_Data to process:_
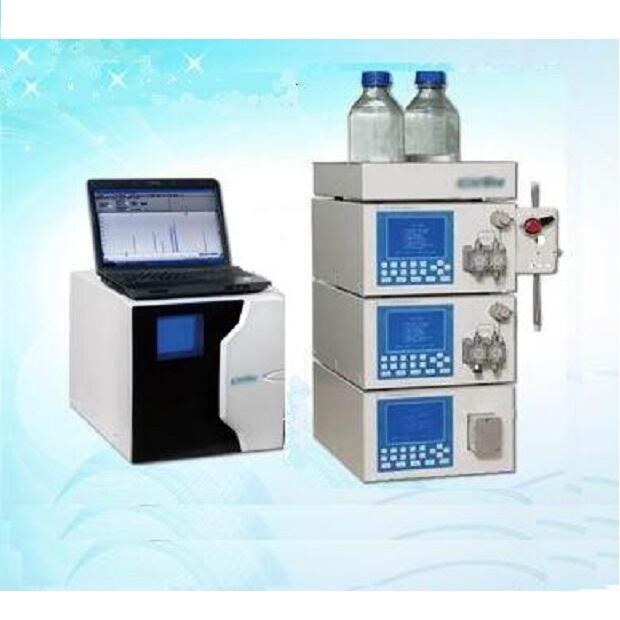 上海 凱則科技 高效液相色譜儀HPLC-3000，醫(yī)藥，食品，飼料化驗(yàn)分析色譜儀 廠家直銷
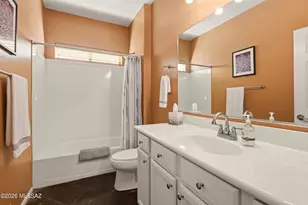 17676 S Vermillion Sunset Dr, Vail, AZ 85641 - Photo 28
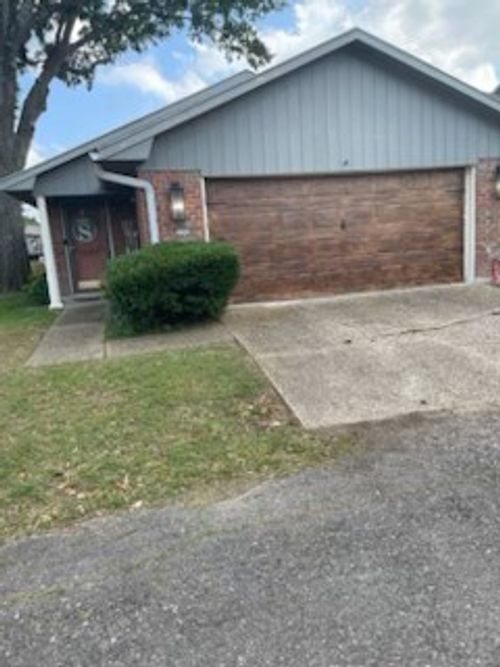 5508 Flagstone Dr, Shreveport, LA, 71119-4102 | Card Image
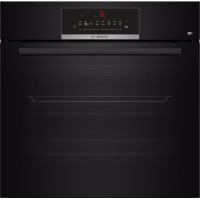 Духова шафа BOSCH HBJ559YB6R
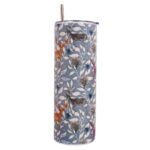 tumbler_bottle_SDFTB008_1.jpg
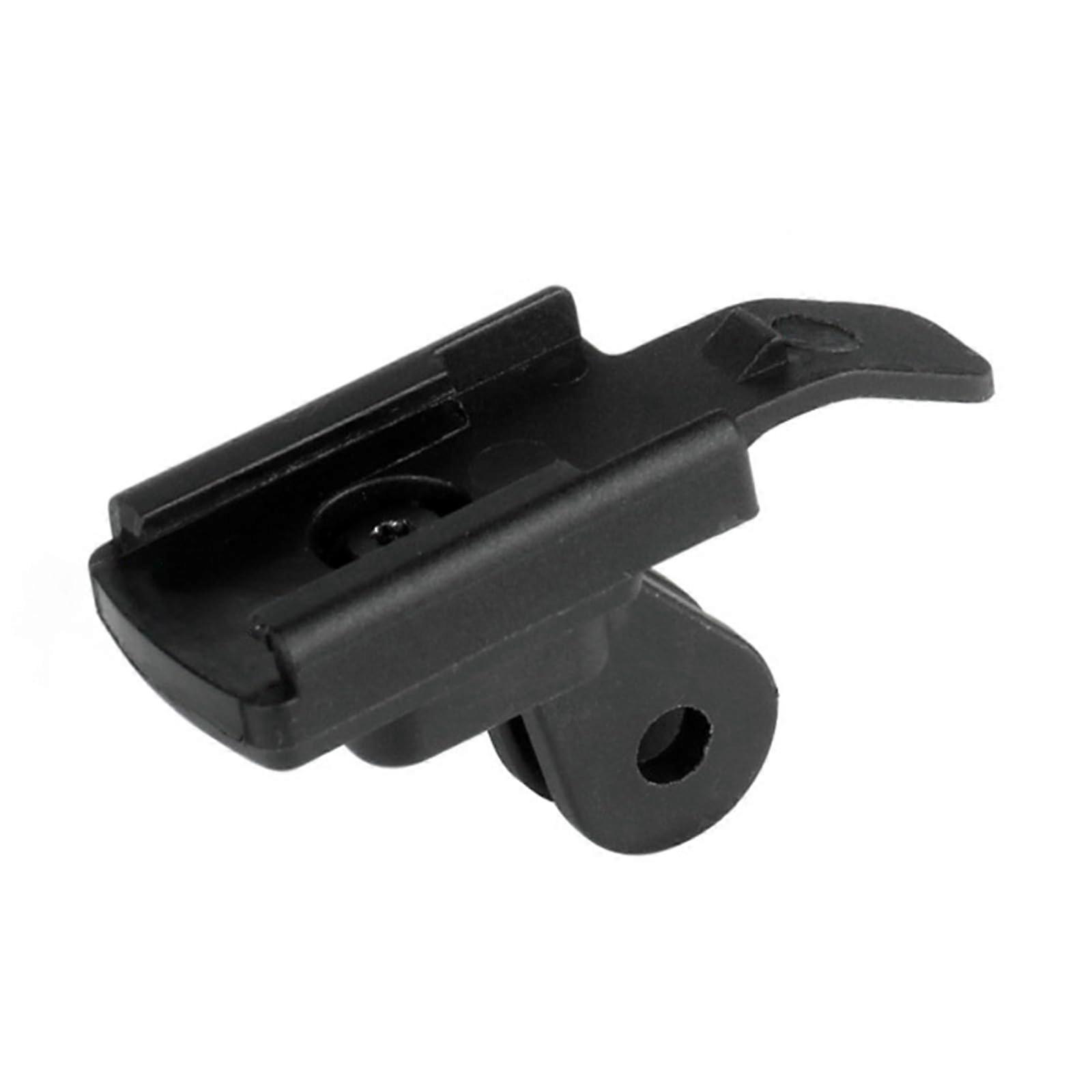 Bike Light Adapter QD250 YQ200400 B04 Adapter for Blackbird L1 BL10/11 Bicycles and Outdoor Activities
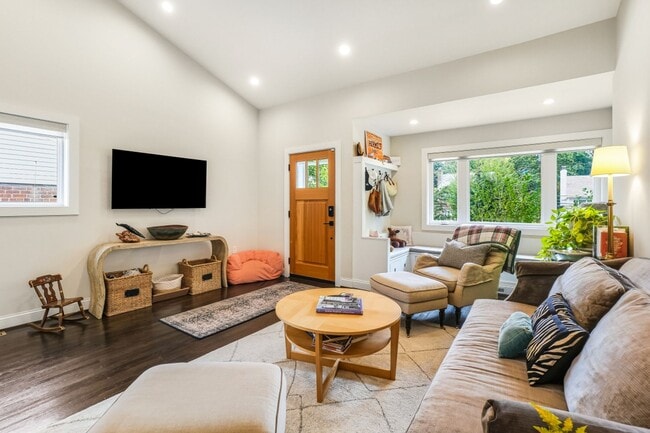 Photo - ELEGANT AND SPACIOUS 5 BEDROOM 3 FULL BATHROOM HOME IS AVAILABLE 3-1-2026  IN THE ROSEMARY HILLS ...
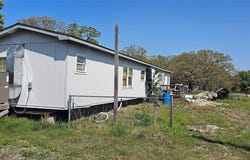 35641 Ew 1170 Road, Seminole, OK 74868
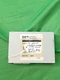 2012-2014 Toyota Sienna Multimedia Interface Module OEM
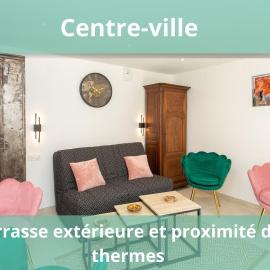 L'Escale Vitteloise
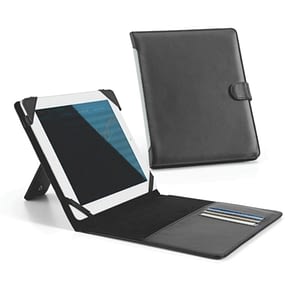 Pasta para Tablet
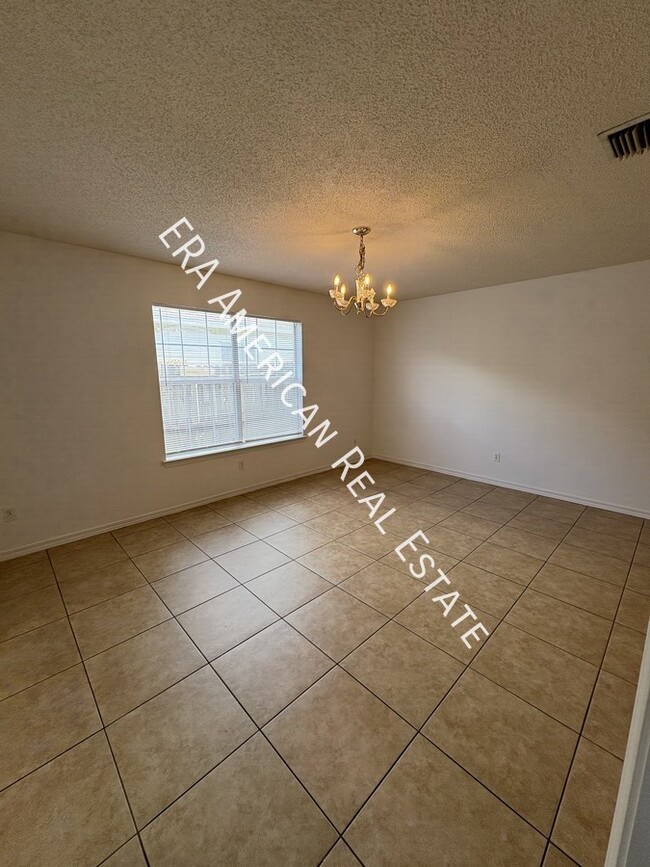 Foto del edificio - 953 Southern Oaks Ct
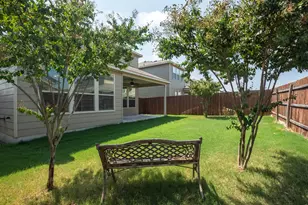 16012 Remington Reserve Way, Austin, TX 78728 - Photo 29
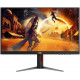Монитор AOC Gaming Q27G4ZMN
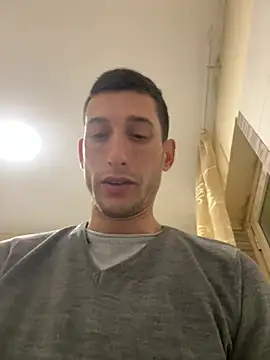 Gionnytav live sex cam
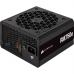 Блок питания Corsair 750W RM750e PCIE5 (CP-9020262-EU)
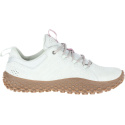 Merrell footwear J036004 WRAPT birch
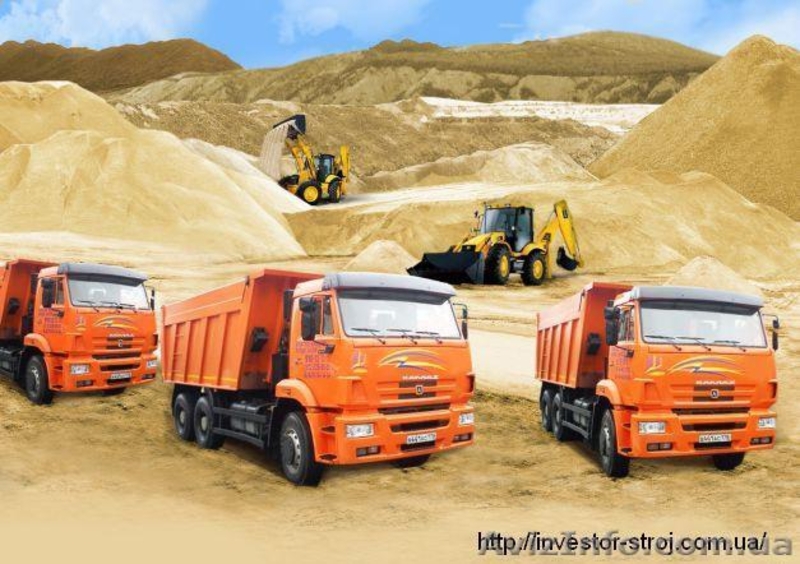 Гипсокартон, OSB, Штукатурки, Клея, песок, щебень в мешках  - <ro>Изображение</ro><ru>Изображение</ru> #1, <ru>Объявление</ru> #1506635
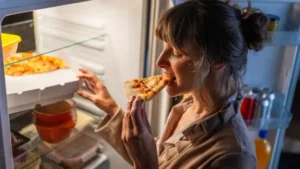 948778B8-9887-4CB8-90B6-48CAACCBBD9B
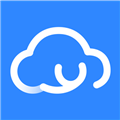 友宝友客云app v2.1.8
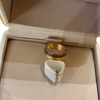 https://tbc-image-proxy.thebrandcollector.workers.dev/8448cf66e06aba2b?url=https://sojnqydrdwdloyvlvayk.supabase.co/storage/v1/object/public/products-images/1b489bf9-310c-48cb-840c-dc642490faf7.PNG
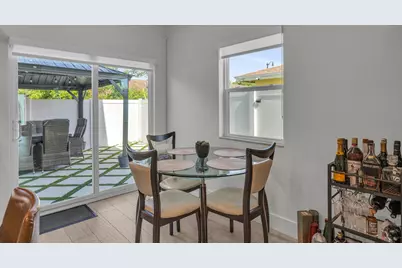 460 NW 27th Avenue, Pompano Beach, FL 33069 - Photo 9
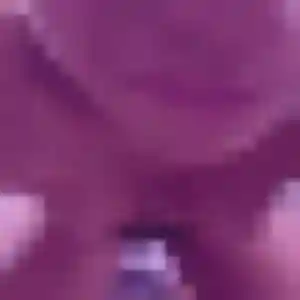 Photo perso de Tatiana, 45 ans à Strasbourg - rencontre coquine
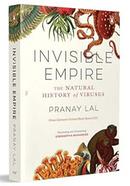 Invisible Empire image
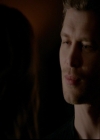 VampireDiariesWorld-dot-nl_TheOriginals_3x13HeartShapedBox0087.jpg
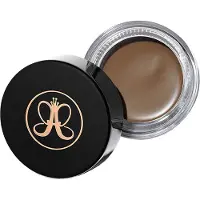Anastasia Beverly Hills Dipbrow Pomade Waterproof Brow Color, Blonde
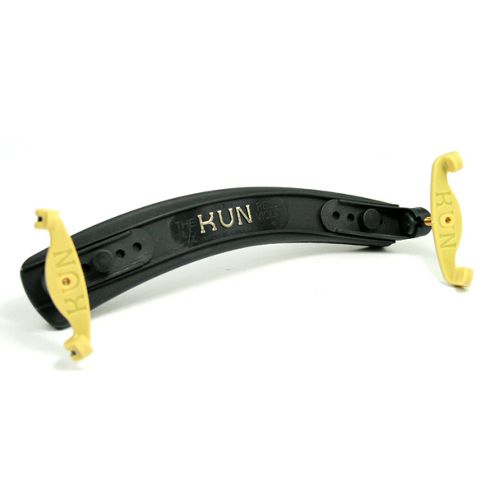 Image of Kun Collapsible Viola Shoulder Rest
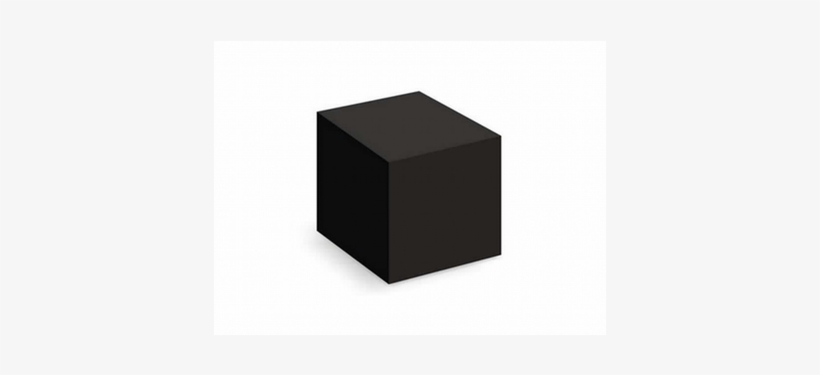 The Machine Learning Specialist Won't Mind To View - Machine Learning Black Box Model, transparent png download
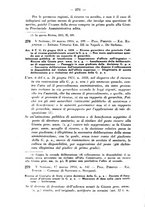 giornale/TO00210532/1934/P.2/00000286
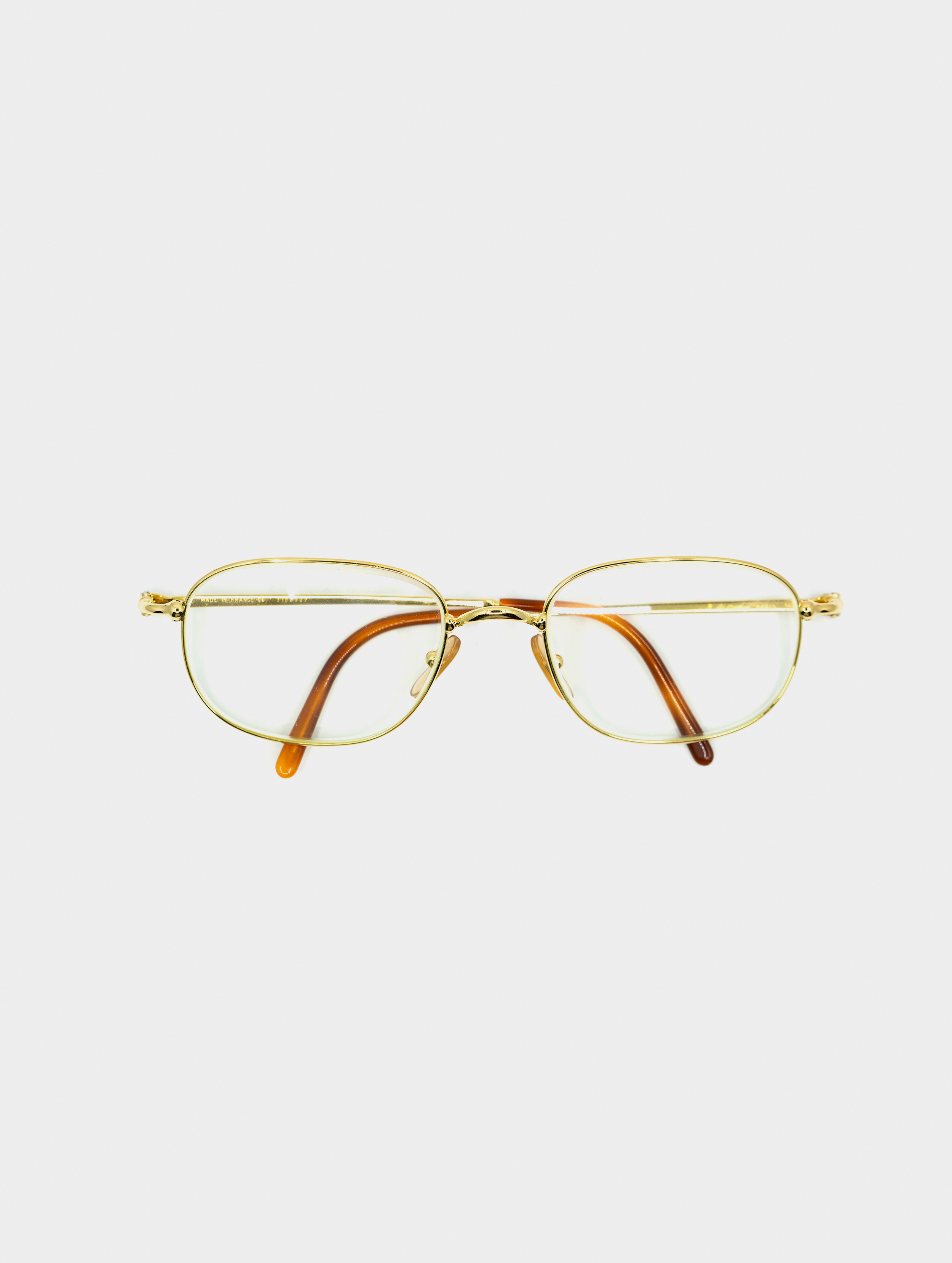 glasses2.png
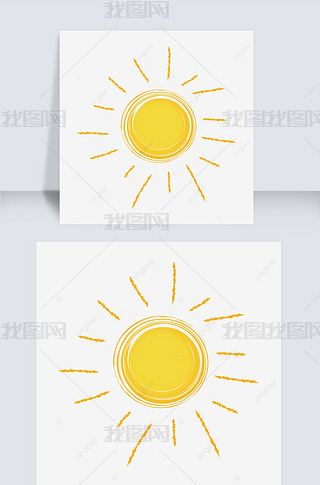 sun clipart ɰɫ̫ͨʸز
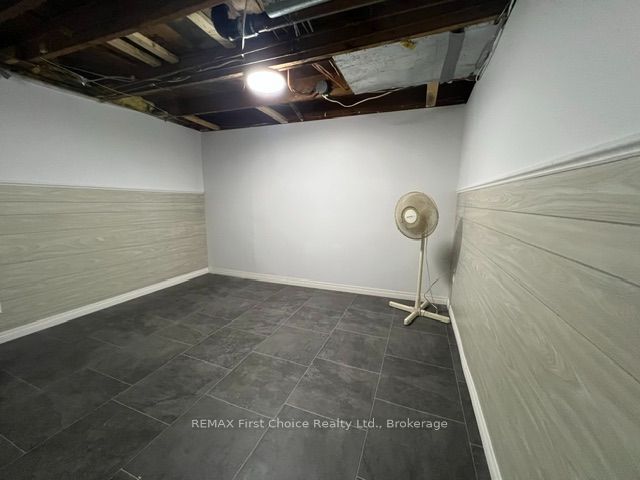 656 First Street E Property Photo 20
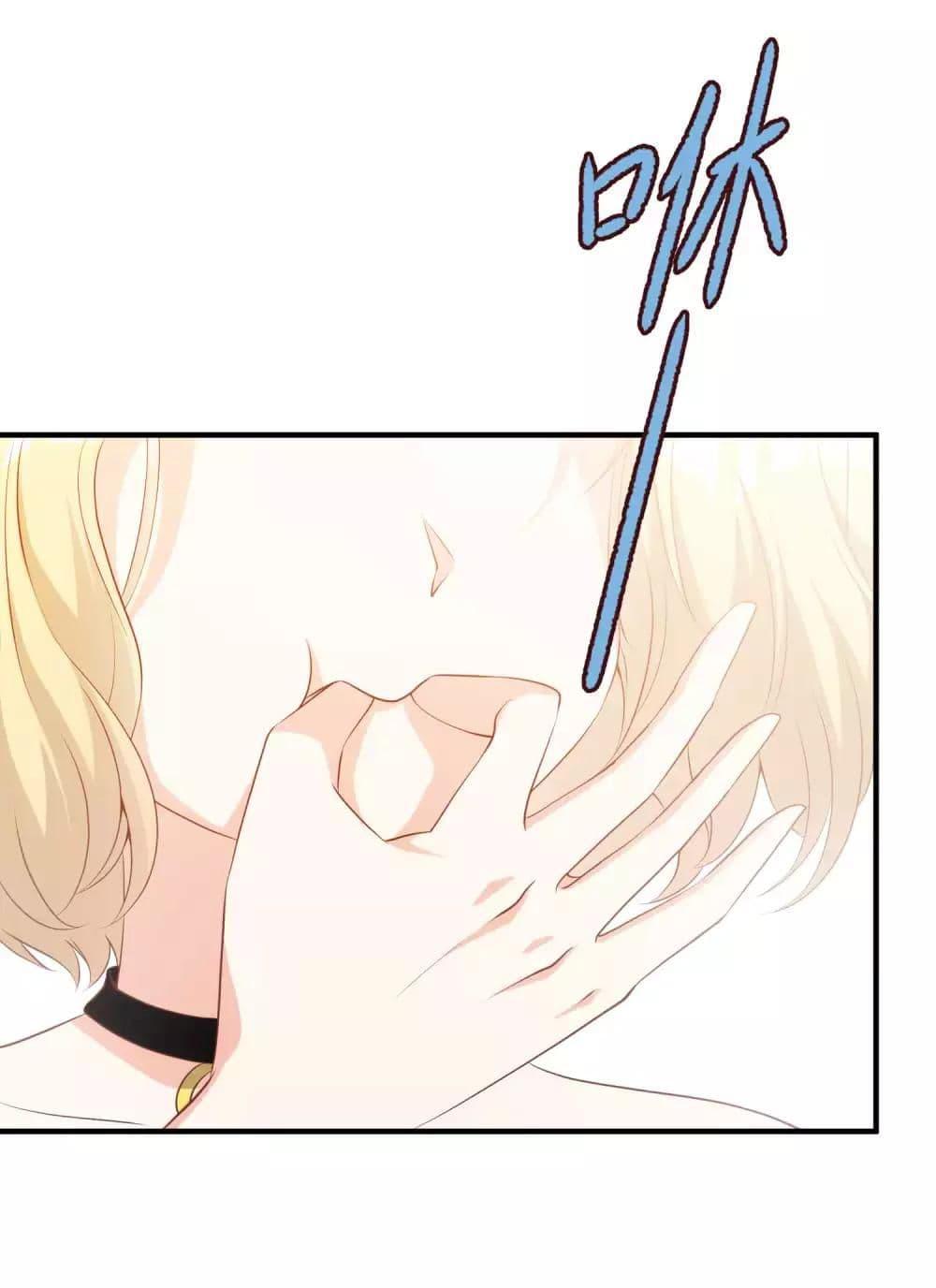 Manga-lc-com อ่านมังงะ อ่านการ์ตูน ออนไลน์ ฟรี God Fisherman ตอนที่ 1 2 3 4 5 6 7 8 9 10 11 12 13 14 ฟรี ไม่มีโฆษณา Manga-lc - อ่าน มังงะ อ่าน การ์ตูน ออนไลน์ อ่านมังงะ ฟรี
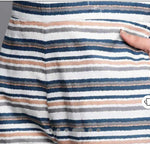 Pure Cotton Kurta Set In Germany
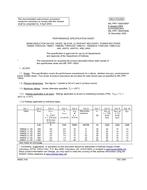 MIL MIL-PRF-19500/590F PDF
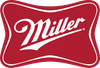 Miller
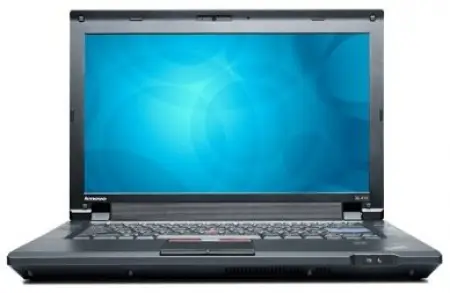 Lenovo ThinkPad SL410 2842A89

_Task brief:_ Transcribe the entries from their first line to the line that holds "Merrell footwear J036004 WRAPT birch", both included, and skip every picture.

_Answer area:_
 上海 凱則科技 高效液相色譜儀HPLC-3000，醫(yī)藥，食品，飼料化驗(yàn)分析色譜儀 廠家直銷
 17676 S Vermillion Sunset Dr, Vail, AZ 85641 - Photo 28
 5508 Flagstone Dr, Shreveport, LA, 71119-4102 | Card Image
 Духова шафа BOSCH HBJ559YB6R
 tumbler_bottle_SDFTB008_1.jpg
 Bike Light Adapter QD250 YQ200400 B04 Adapter for Blackbird L1 BL10/11 Bicycles and Outdoor Activities
 Photo - ELEGANT AND SPACIOUS 5 BEDROOM 3 FULL BATHROOM HOME IS AVAILABLE 3-1-2026  IN THE ROSEMARY HILLS ...
 35641 Ew 1170 Road, Seminole, OK 74868
 2012-2014 Toyota Sienna Multimedia Interface Module OEM
 L'Escale Vitteloise
 Pasta para Tablet
 Foto del edificio - 953 Southern Oaks Ct
 16012 Remington Reserve Way, Austin, TX 78728 - Photo 29
Монитор AOC Gaming Q27G4ZMN
 Gionnytav live sex cam
 Блок питания Corsair 750W RM750e PCIE5 (CP-9020262-EU)
 Merrell footwear J036004 WRAPT birch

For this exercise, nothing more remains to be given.